Monday, October 13, 2014 9:00 AM | Deleted user


Salem resident Jim Bostick, a local photographer, began creating his own tarot card deck, shooting locals in his Salem home’s photography studio, in 2009. Here he hangs his photographs in In a Pigs Eye on Derby Street in preparation for his show on Sunday, Oct. 12.

WICKED LOCAL PHOTO / WILLIAM J. DOWD

Wicked Local Article
Jim Bostick’s grandmother gave him his first tarot card deck as a Christmas stocking stuffer when he was about 6 years old. The deck’s cards depicted characters of the James Bond 007 movie franchise.
"I started playing the cards, and I still have the deck. I love it," said Bostick, standing on Saturday morning inside In a Pig’s Eye, the Derby Street pub where he curates a monthly revolving door of art exhibitions for owners Jenny and Jon Reardon.
His grandmother’s gift not only sparked a lifelong fascination with tarot cards as a craft of fortune telling and divination but also as individual and collective pieces of artworks that tell stories.
"To me, they are creative things.
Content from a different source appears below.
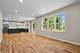 2819 Sweet Clover, Wauconda, IL 60084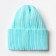 Women's hat Minaku "Bini" Color Mint, size 56-58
I look at them as storytelling devices, too, and I think that is how people who read them interpret them," Bostick said. "When they are laying out the cards, they are telling as story."
Bostick, a talented local photographer and Lancaster, Pa. native, began creating his own tarot card deck, shooting locals in his Salem home’s photography studio, in 2009. The ambitious project now years in the making is over two thirds done, with 66 of 78 cards completed.
Recently, Bostick finished all 16 court cards and is displaying blown-up, matted and framed images of them on the walls of In a Pig’s Eye through October.
"I’ve been working the project for a solid five years now, I’ve been jumping around," said Bostick as he set up the show Saturday morning. "I’ve been buying armor for like four years, because I couldn’t afford to buy it all at once."
All of the cards, which one could also consider as group and individual portraits, contain theatrical and old film-stills qualities, brought about through Bostick’s impressive manipulation of light on his subjects.
"I like to refer to them as a little piece of theatre, because each one is center stage, props, costume and actors, and took some effort to put everything together," Bostick said.
Bostick completely photographed in white-and-black, believing color to be frivolous, unnecessary and a hindrance to the art-goer’s interaction with the art pieces.
"I don’t want them not to look like photographs," Bostick says. "You see a lot photographs people try to make look like paintings or illustrations."
He continued, "I love the rawness of photography, and I want to celebrate that."
And this month-long exhibition is as much about the rawness of photography - the art of showing rather than telling - as it is a celebration of people, Bostick said, who he has met since he and his husband, Liam, moved to Salem.
"Jim is a receptive person, well liked open and includes anybody and everybody," said Judy Rudd, who is the subject of Bostick’s darling-of-the-show "Queen of Swords" on display. "He cares about the subject and his artwork."